● **TASK TO COMPLETE**
Return the listing exactly as it appears, but strip out the images.

● **PROVIDED DATA**
-- -- --

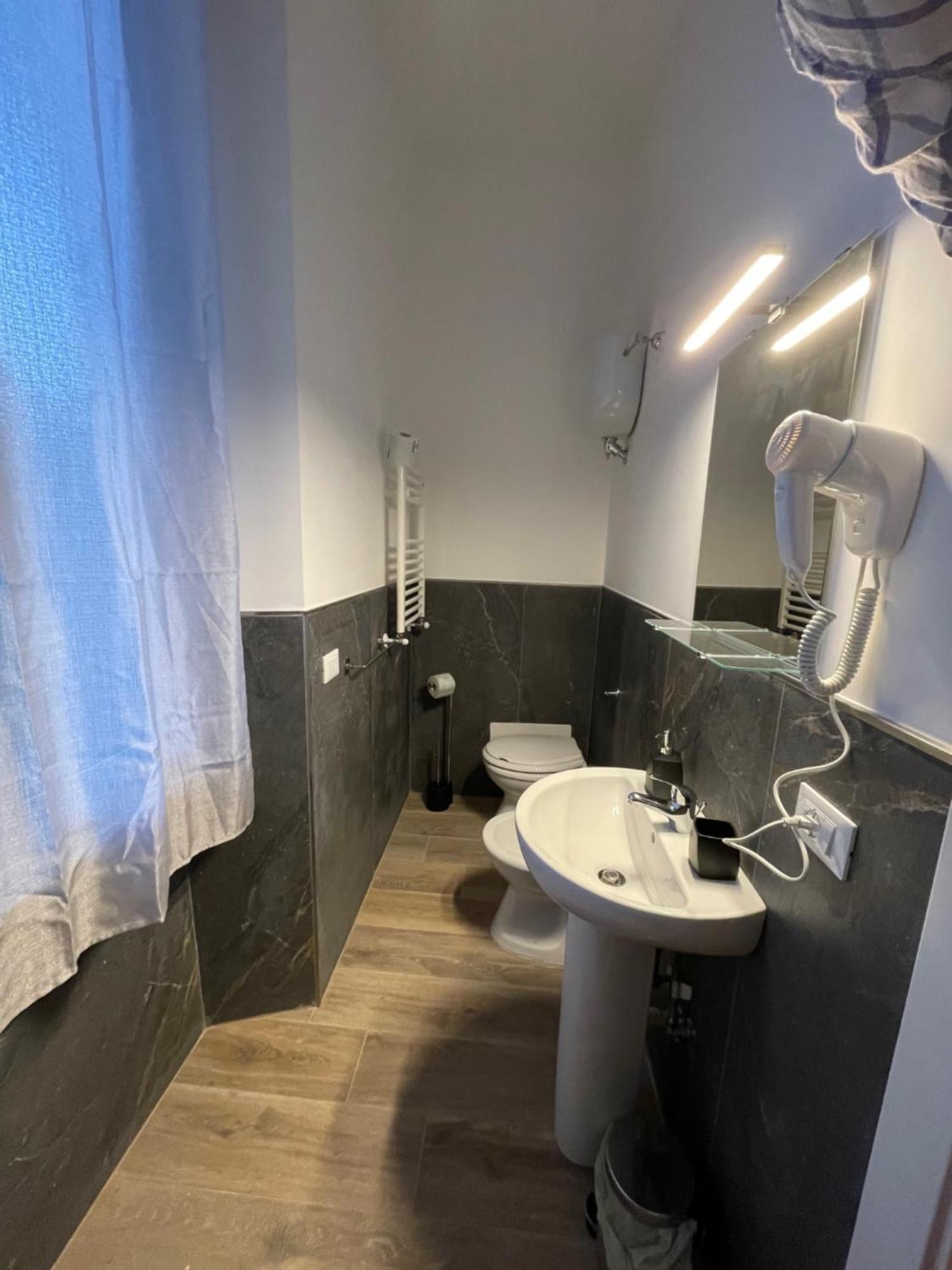 Double Room Private Bathroom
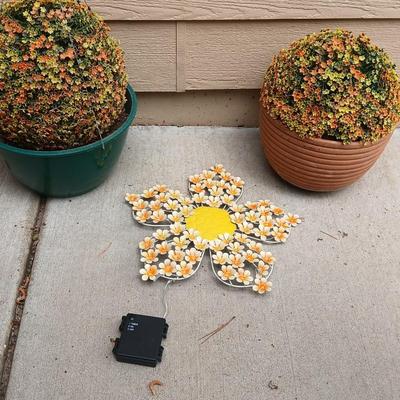 Decorative Garden Decor Lot – Faux Florals & Daisy Light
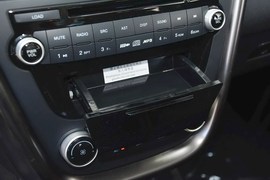 2015款奔腾X80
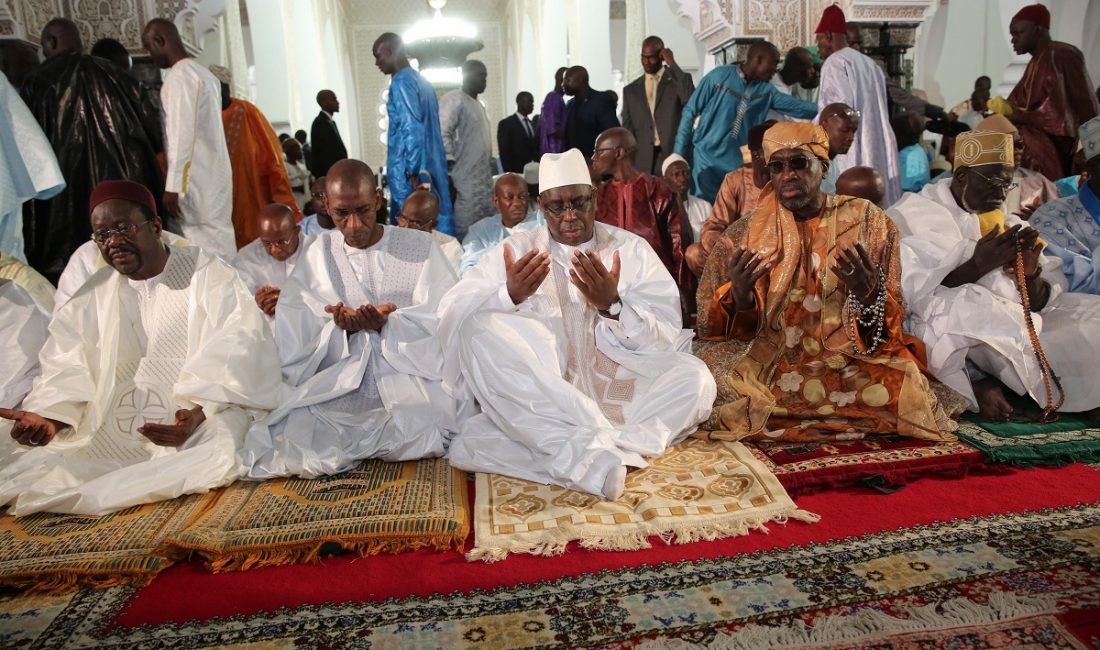 Rediffusion : Grande Mosquée de Dakar : Suivez La prière et le Khoutba de l'Imam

-- -- --

● **COMPLETED TASK**
 Double Room Private Bathroom
 Decorative Garden Decor Lot – Faux Florals & Daisy Light
 2015款奔腾X80
 Rediffusion : Grande Mosquée de Dakar : Suivez La prière et le Khoutba de l'Imam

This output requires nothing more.